Par ailleurs, même si Beji Caïd Essebsi n’a pas joué les premiers rôles dans la lutte pour l’indépendance, il n’en est pas moins imprégné des idées du courant réformiste portées par l’élite tunisienne sur plusieurs générations depuis celle de cheikh Mahmoud Kabadou et de son élève Khéreddine Pacha jusqu’à celle de Tahar Haddad et Habib Bourguiba. L’initiative du Président de la République tendant à l’instauration de l’égalité entre les sexes en matière d’héritage et de libre choix du conjoint constitue pour moi un motif de fierté autant que l’hommage qui lui est rendu, à cette occasion, par l’écrivain algérien, Kamel Daoud.
Quand on regarde l’état du pays, on serait tenté de penser au seul coup politique, et ne point donner crédit à cette initiative, même se laisser aller à crier à la mauvaise d’un homme qui a traversé tous les régimes et leurs errements, pour ne pas dire leurs crimes.
Ce serait facile, et l’on se donnerait bonne conscience à peu de frais en arguant d’autres injustices pour banaliser celles qui autorisent la minorisation des femmes.
Le combat pour l’égalité et pour la dignité est un seul combat indissociable et c’est là où la liberté peut grandir et devenir une base commune de responsabilité et de démocratie… La démocratie n’est pas un pot vide.. Elle n’a de sens que dans le cadre d’un projet national signifiant justice sociale, égalité, et égalité de chance.
Un article partisan et on dirait que l’auteur ne connait pas la réalité de la Tunisie.Il n’y a que le dénigrement infondé vis à vis de Kamel Daoud et de BCE.Il ya des gens qui font réellement bouger les choses et d’autre dans le négatif tout le temps.L’auteur de cet article fait partie de ces derniers.Le dénigrement est un fonds de commerce pour lui.

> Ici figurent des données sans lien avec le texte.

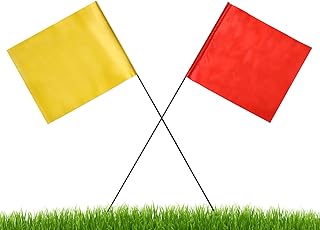 Marking Flags-120 Pack-4x5 Inch-Flo Orange &Yellow Yard Stakes For Lawn,Irrigation Small Flags Garden Markers Stake Flags 15 Inch Non Rust Wire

Ayant lu les chroniques et les livres de Kamel Daoud, le maghrébin, je doute de la lucidité de l’auteur de cet article. Veut-il culpabiliser Kaid Sebsi, le politicien, et Kamel Daoud, l’écrivain?
Le “péché” de Sebsi, semblet-il est d’avoir servi la politique de Bourguiba, de se “cacher”, pendant l’ère de Ben Ali. Rien de plus….. L’auteur tait toutefois, ce que fait aujourd’hui le Président tunisien.

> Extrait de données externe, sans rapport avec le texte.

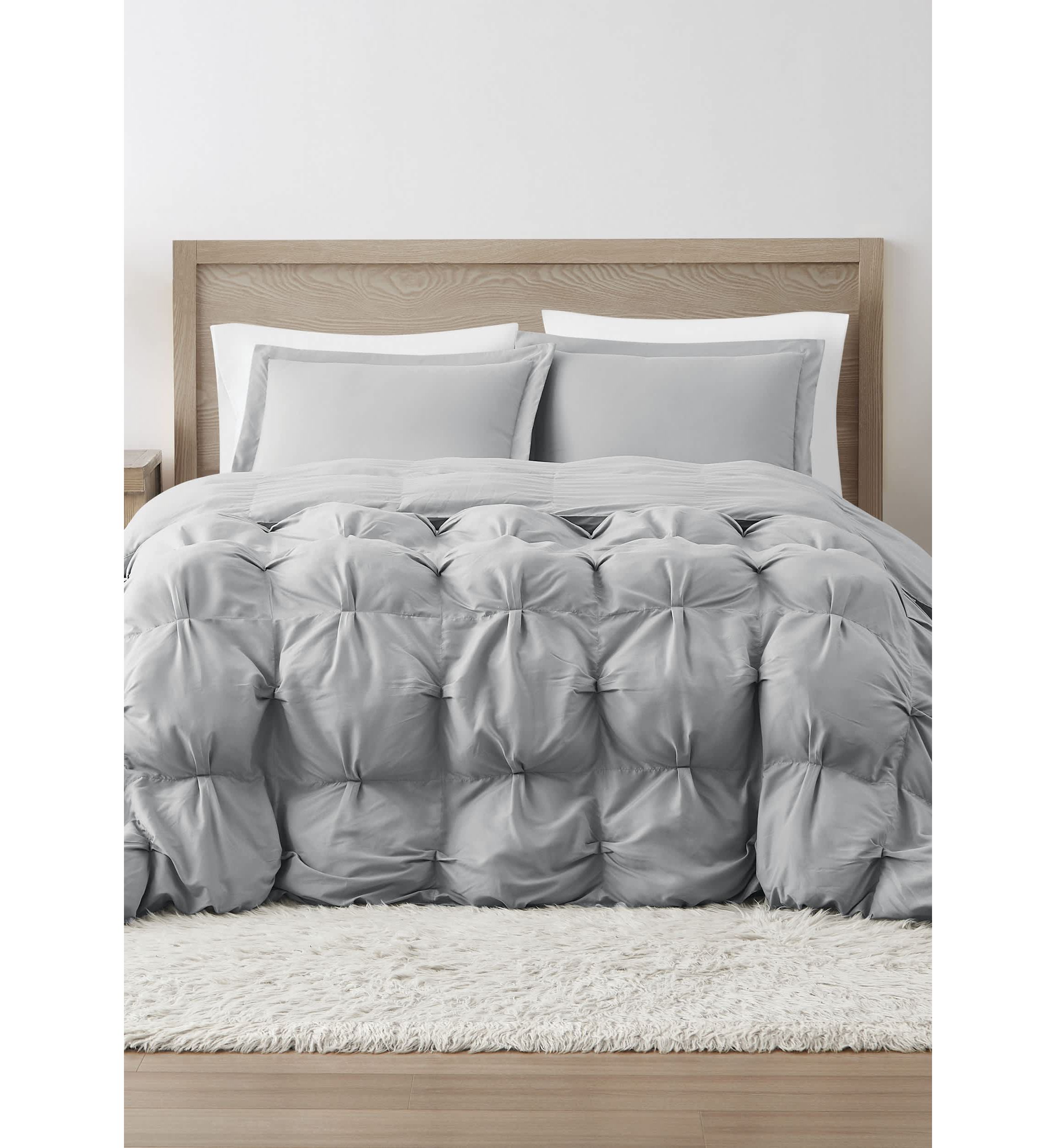 Truly Soft Oversized Puffer Gray King 3 Piece Comforter Set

Par ailleurs, le “péché” du journaliste-écrivain, est d’avoir loué ce Président, comme “il parachève les printemps arabes”.
Au fond, BCE, en annonçant les couleurs un certain 13 août 2017, devant un parterre, composé majoritairement de femmes et en “l’absence” douteuse de Ghannouchi, le gourou des “frères musulmans”, a malmené l’opinion publique arabe et ses dirigeants. Un pavé dans la mare.

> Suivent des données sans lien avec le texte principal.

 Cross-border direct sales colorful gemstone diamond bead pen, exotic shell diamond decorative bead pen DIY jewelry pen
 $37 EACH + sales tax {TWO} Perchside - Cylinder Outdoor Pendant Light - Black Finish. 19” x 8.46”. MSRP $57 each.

Justement, Kamel Daoud, évoque le courage de ce vieux politicien et loue son courage.
L’islam n’ a rien à voir là-dedans! Rien….
Les soi-disants “savants musulmans”, ont toujours de tout temps, interprété le texte coranique, selon leur propres visions et tiennent à imposer leurs points de vue.
Le monde a changé, les pensées “moyennageuses” sont toujours là.Kamel Daoud mène un combat et à ses risques, contre l’obscurantisme, mais n’a jamais rejeté son “islamité”, qu’il considère comme intime et ne concerne que lui.
La Tunisie n’a pas connu de guerre civile et ne la connaîtra pas.Je ne vois aucune menace venir de quelque part.Les pays arabes, qu’unit la langue, ne sont pas des pays qu’unit une culture. Chaque pays a ses spécificités sociétales. Pourquoi alors, s’inquiéter?